Dataset records Block Start
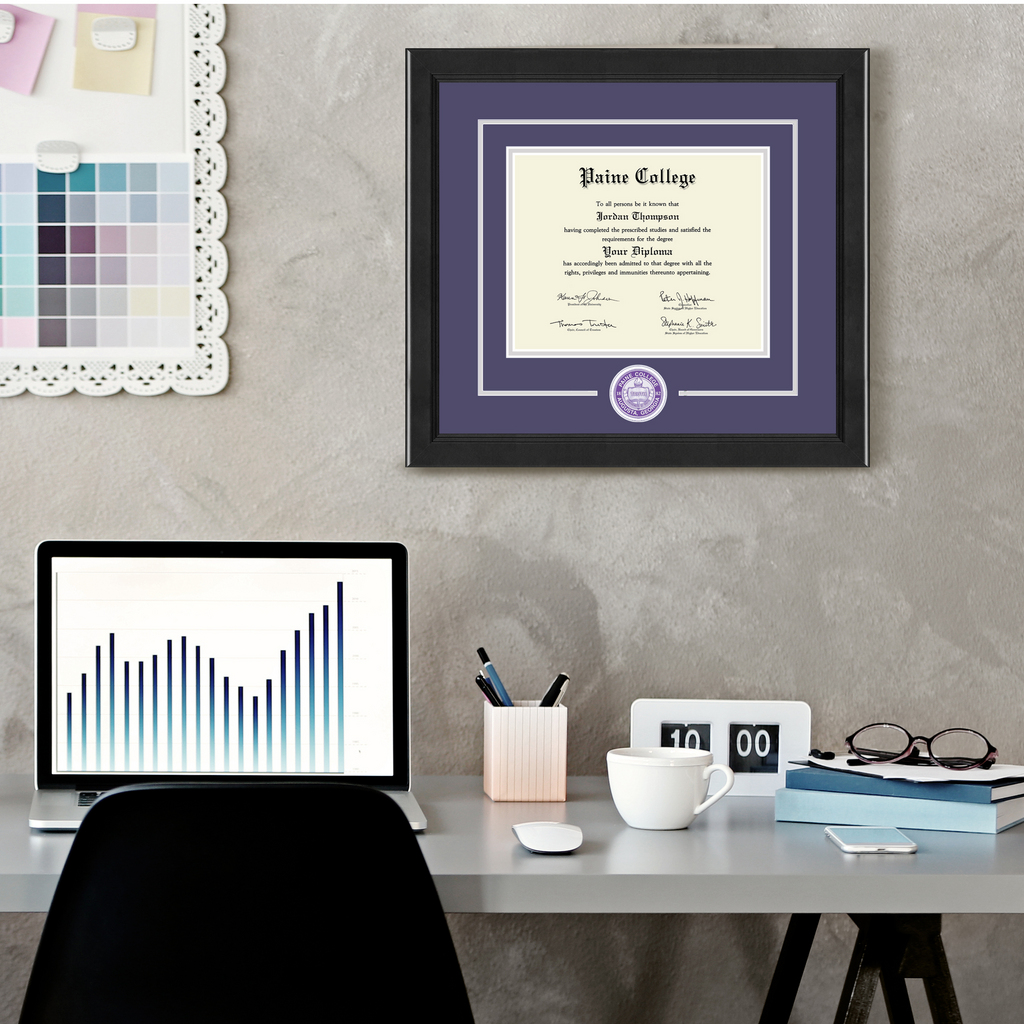 a home office space with a Paine College diploma frame hung above a desk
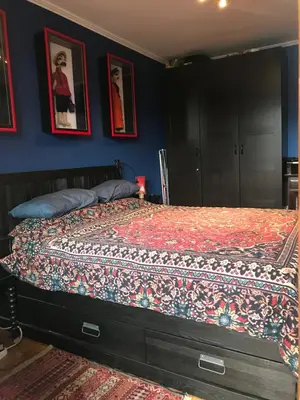 a bedroom with a bed with a quilt on it at Gondola Flat Number 5 in Bansko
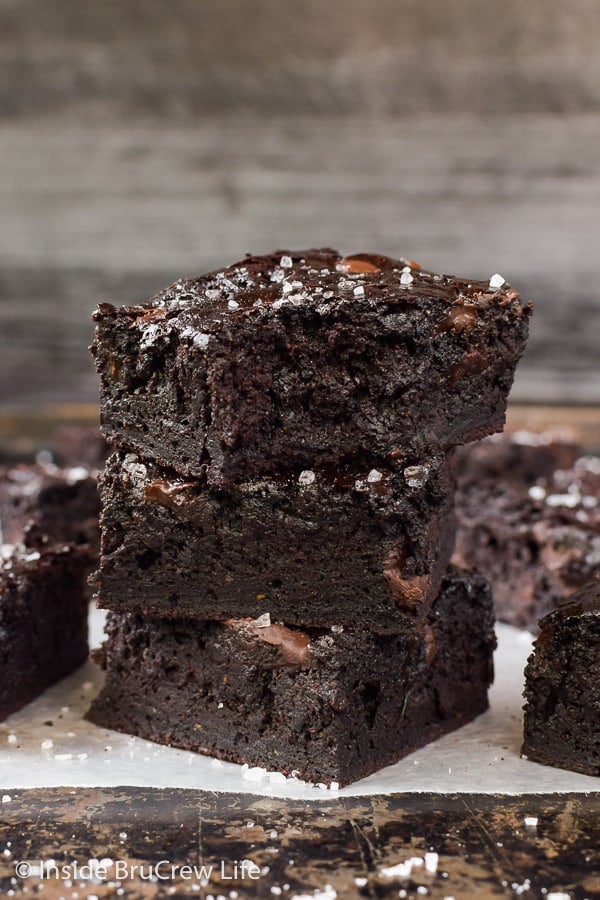 A stack of three dark chocolate zucchini brownies on a try with a bite out of the top one
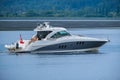 Luxury motor yacht in navigation. White and blue luxury yacht in motion. Modern powerboat speeding on the sea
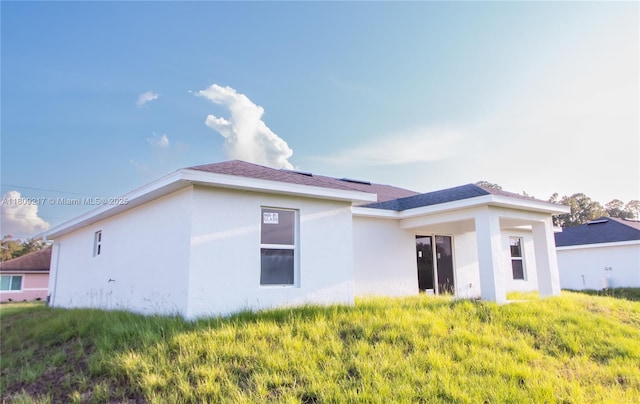1023 Pilgrim, Lehigh Acres, FL 33974 - back of house featuring stucco siding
Dataset records Block End
Work order => The entries are to be written out in full and exactly, apart from the pictures.

The completed task =>
 a home office space with a Paine College diploma frame hung above a desk
 a bedroom with a bed with a quilt on it at Gondola Flat Number 5 in Bansko
 A stack of three dark chocolate zucchini brownies on a try with a bite out of the top one
 Luxury motor yacht in navigation. White and blue luxury yacht in motion. Modern powerboat speeding on the sea
1023 Pilgrim, Lehigh Acres, FL 33974 - back of house featuring stucco siding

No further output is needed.